To realise these benefits, we believe that the new regulatory environment for CDS should reflect three principles:
First, the new rules should embrace an expansive definition of standardised instruments, one that reflects the diversity of OTC credit market instruments in the institutional markets. Based on available DTCC warehouse data, approximately 75% of CDS volume takes place in actively traded indices and single names. These swap contracts should fall under the definition of standardised instruments. A narrow definition of standardised products would limit the usefulness of the CDS market and undermine the objectives of the reforms.

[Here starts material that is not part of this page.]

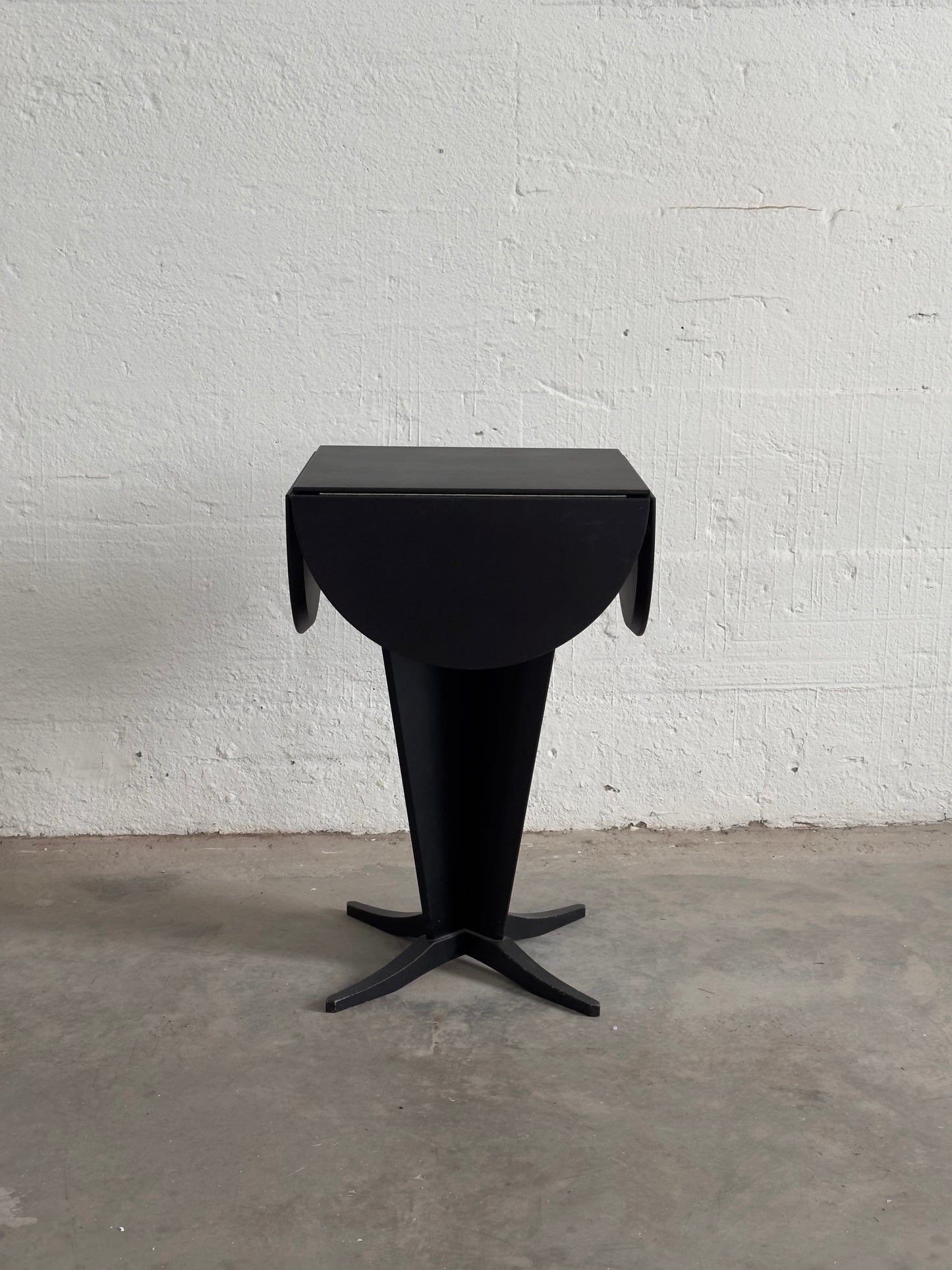 Clover Expandable Side Table, Sweden 20th C.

Second, the new rules should encourage electronic trading protocols appropriate to the diverse nature of both the cash bond market and CDS credit instruments and promote participation by a wide range of liquidity providers and investors. The myriad varieties of instruments and the uneven liquidity in the credit markets make an exchange model impractical for all but the few most liquid CDS contracts. It is instructive in this regard that although exchange trading has been available for corporate bonds on the NYSE since the late 1970s, exchange trading of corporate bonds has never developed any meaningful liquidity.
But a request-for-quote or auction approach, similar to that used successfully by MarketAxess for corporate bonds, can deliver competitive pricing, pre-trade analysis and post-trade settlement and processing for the vast array of products in both cash and derivatives trading between institutions and dealers. As appropriate trading protocols are considered, it is important to allow market participants to decide where they are best served from a liquidity and efficiency standpoint as long as the electronic trading protocols meet the stated objectives of the regulatory reform bill.
Third, the rules for swap execution facilities (SEFs) should be carefully drawn to ensure that these trading platforms are independent, well governed, financially sound and broadly accessible to qualified institutional players. Similarly, regulated clearing institutions and market standard data sources must be broadly accessible to SEFs and independently governed in the best interests of the market as a whole.
Building the right structure for the CDS market is critical to restoring confidence and proper functioning to the global credit markets. And strong credit markets are, in turn, an essential part of restoring growth to the global economy. Electronic trading can play an important role in achieving more accessible, transparent, competitive and efficient CDS and bond markets. Leveraging the proven benefits of electronic trading should be an integral part of implementing CDS reform.
By Richard M. McVey, Chairman and CEO, MarketAxess Holdings Inc.